清風宝樹(せいふうほうじゅ)をふくときは
いつつの音声(おんじょう)いだしつつ
宮商和(きゅうしょうわ)して自然(じねん)なり
清浄薫(しょうじょうくん)を礼(らい)すべし
(浄土和讃)
親鸞聖人は、無始より今日ただいまにいたるまで、無常流転を繰り返し、我執の熱風の吹きすさぶわが身をなげかれました。
しかし、こういう私の為に、阿弥陀如来は計り知れないご苦労の末、そのまことをもって自ら南無阿弥陀仏の尊号となって、すべての迷える者の血となり肉となって常にはたらいて下さっているおいわれを述べておられます。
まさに、如来さまの大悲の清風が、我執の熱風に吹きまくられている凡夫の心を安らがせて下さるのです。
このところを「……本願のみ船に乗せられて、光明摂取の海に浮かべば無常の功徳の風が静かに来たって、よろずのわざわいの波は転ずる。すなわち、迷いの闇を破って、はかりない光明の浄土にいたり、速やかに仏のさとりを開いて、衆生済度をさせていただけるのである。よく知るがよい。」とおっしゃいました。

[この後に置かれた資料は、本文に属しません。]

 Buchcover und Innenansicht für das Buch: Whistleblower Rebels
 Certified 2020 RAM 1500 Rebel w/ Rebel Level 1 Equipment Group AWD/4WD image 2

私の親戚にあたるM子は、和裁ができませんでした。それでもやがて、婚約も整い結婚することになったのです。M子は、結婚までの短い期間に祖母から和裁を習い始めたのです。
そこで私はM子に尋ねました。
「M子さん、あなたは自分が和裁ができないことを承知してもらって結婚することを決めただろうに、何を今更習い始めたの。」
するとM子は、こう答えました。
「はい、女の身でありながら和裁もできない粗末のままの私を承知の上で結納まで下さった先方のお心を思えば、せめて浴衣ぐらいは縫える身になろうと思い立ったのです。」
蓮の実が泥中におりて根を下ろし、芽を吹かせ、幹を伸ばし、花を咲かせ、その花の中に実を宿します。
まことに「泥の中誰の仕わざか蓮の花」「蓮の実やまだ花びらの散らぬ間に」であります。
いつのまにやら清風吹いて、M子の心に蓮の花が咲いていたのです。
その花の中にもきっと実が宿っています。
これから新しい人生に旅立つM子に、私は心の中でそっと掌を合わせたことでした。